Dealing With Extremely Large Files
You can always setup a "connection" and then read in the number of lines you need for the analysis, write out the results and then read in the next ones. I have also used 'filehash' to initially read in portions of a file and then write the objects into the database. These are quickly retrieved if I want to make subsequent passes through the data. A 100,000 rows will also probably tax your machine since if these are numeric, you will need 800MB to store a since copy of the object and you will probably need 3-4X that amount (a total of 4GB of physical memory) if you are doing any processing that might make copies. Hopefully you are running on a 64-bit system with lots of memory.

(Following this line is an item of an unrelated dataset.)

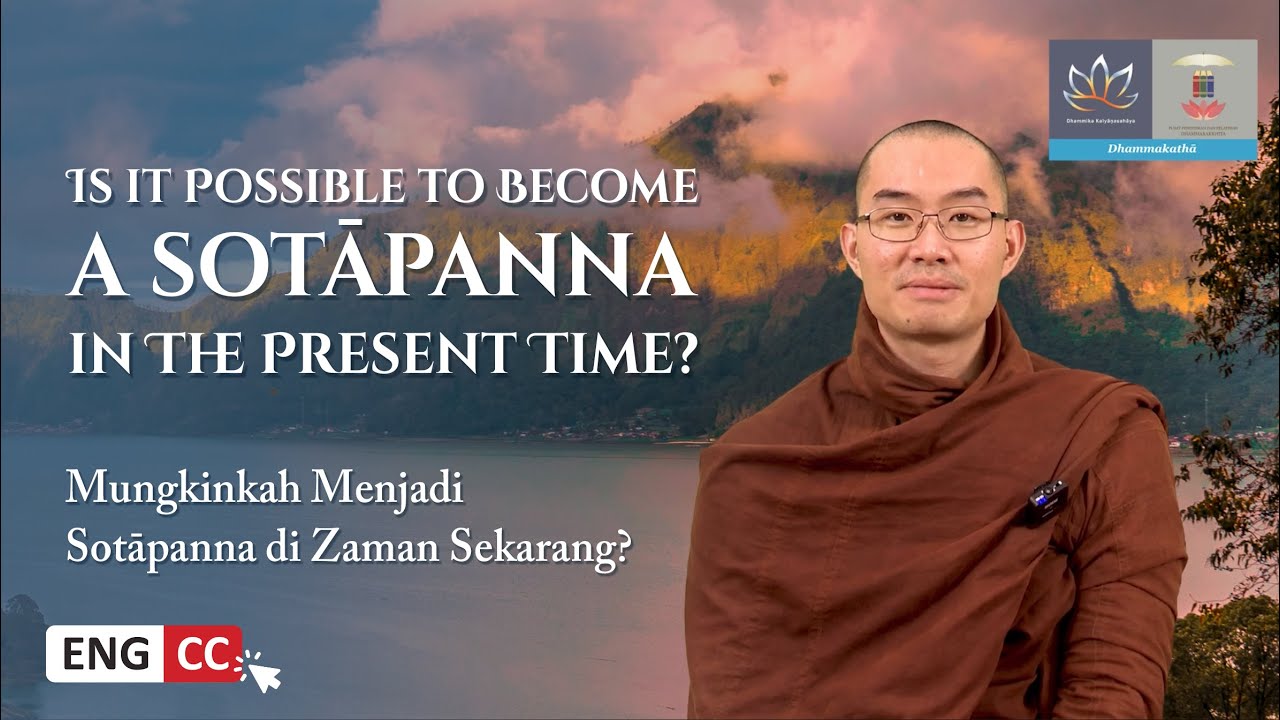 Apakah masih bisa mencapai tingkat kesucian sotāpanna di zaman sekarang?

On Fri, Sep 26, 2008 at 3:55 PM, zerfetzen <zerfetzen at yahoo.com> wrote:
Hi, I'm sure that a large fixed width file, such as 300 million rows and 1,000 columns, is too large for R to handle on a PC, but are there ways to deal with it? For example, is there a way to combine some sampling method with read.fwf so that you can read in a sample of 100,000 records, for example? Something like this may make analysis possible. Once analyzed, is there a way to, say, read in only x rows at a time, save and score each subset separately, and finally append them back together? I haven't seen any information on this, if it is possible. Thank you for reading, and sorry if the information was easily available and I simply didn't find it. -- View this message in context: http://www.nabble.com/Dealing-With-Extremely-Large-Files-tp19695311p19695311.html Sent from the R help mailing list archive at Nabble.com.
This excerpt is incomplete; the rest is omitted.